Tuesday, May 24, 2016
Suspected Seattle-Area Crackpot Faces Criminal Charges For Allegedly Fleecing Thousand$ From Unwitting Wannabe Homeowners By Peddling Program Purporting To Allow Squatters To Record Legitimate Real Estate Documents To Hijack Legal Ownership Of Vacant Homes
In Seattle, Washington, seattlepi.com reports:
Call him Naziyr Yishmael.
Or James Allen Keith. Or Ruwack Yishmael. Or Ahmad Abdullah-Muhammad.
Investigators say the Des Moines man who has gone by all those names was hawking a bogus homestead scheme purported to allow squatters to seize legal ownership of abandoned houses.

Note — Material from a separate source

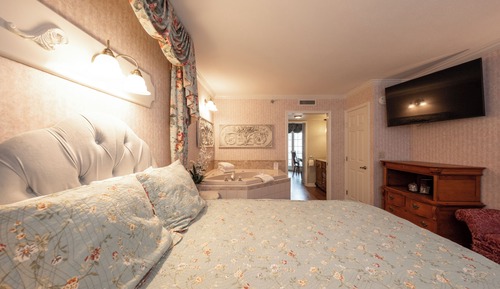 Suite Deluxe, 1 cama de matrimonio grande con sofá cama, vistas parciales al mar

Yishmael, 46, is alleged to have swindled desperate people out of thousands of dollars each, selling the dream that home ownership could be achieved through a legal loophole. He has been charged with first-degree theft and five related counts but has not been jailed.
Prosecutors claim Yishmael marketed his bogus system as a legitimate way for people to own houses facing foreclosure. According to charging papers, Yishmael sent out lists of homes ripe for seizure and helped his clients file bogus paperwork meant to legitimize the takings.
Investigators claim to have identified at least 11 homes occupied by members of Yishmael’s club. Some members managed to hang on to the houses for months before being evicted by police.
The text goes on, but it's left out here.